To estimate expected processing time, we use seeker to measure the average access time on this drive array (19.26 ms) and dd to measure raw throughput (440.7 MiB/s), yielding an estimate of 3948.7 s. Any difference between this estimate and the actual may be the result of file system overhead and overhead of the script interpreter (bash).

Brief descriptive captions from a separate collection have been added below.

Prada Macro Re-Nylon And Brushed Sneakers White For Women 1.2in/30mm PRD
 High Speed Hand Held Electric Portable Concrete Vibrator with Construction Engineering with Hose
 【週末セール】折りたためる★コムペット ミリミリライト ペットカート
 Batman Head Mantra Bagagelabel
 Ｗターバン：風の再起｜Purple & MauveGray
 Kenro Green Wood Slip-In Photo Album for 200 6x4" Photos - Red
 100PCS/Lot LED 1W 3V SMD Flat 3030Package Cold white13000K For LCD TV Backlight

(average file size / throughput + average access time) x number of files =
(2.65 MiB / 440.7 MiB/s + 19.26 ms) x 156242 = 3948.7 s
To gather the LBA's we use hdparm but if heavily relying on extent ordering one should write a custom program using FS_IOC_FIEMAP ioctl() calls to minimize invocations. (I'm storing the information in a metadata DB to order subsequent accesses to these files. Worse case, if the extent information becomes out of date, is a sub-optimal ordering. Also, the extents can be updated as a background process during low load.) Using hdparm in a script required 939 s to gather the extents but some of that originates from the invocation of hdparm for each file. Over 99.2% of the files have a single extent, so ordering by the first LBA should be nearly optimal.
Number of extents | Frequency |
1 | 155001 |
2 | 1161 |
3 | 78 |
4 | 2 |
The table below shows the averages of three tests of each file ordering. Even after adding in the cost of gathering the extents, there is still a great advantage to ordering by extents instead of processing files randomly. In this test, "processing" is actually cat'ing the file to /dev/null so the time is almost entirely the result of file operations.
Ordering | Time (s) | Speedup | |
avg | stdev | ||
Random | 9343.6 | 12.4 | 1.0 |
Extent (first LBA) | 1519.6 | 1.5 | 6.1 |
Unfortunately, this method requires directly attached disk and is of little use when the files are served by a network file system. Ideally the ordering would be handled by the file system after exposing pending file operations. Sounds like an interesting project for a kernel hacker.
(All tests performed under Fedora 13, kernel 2.6.33.6-147.2.4.fc13.x86_64.)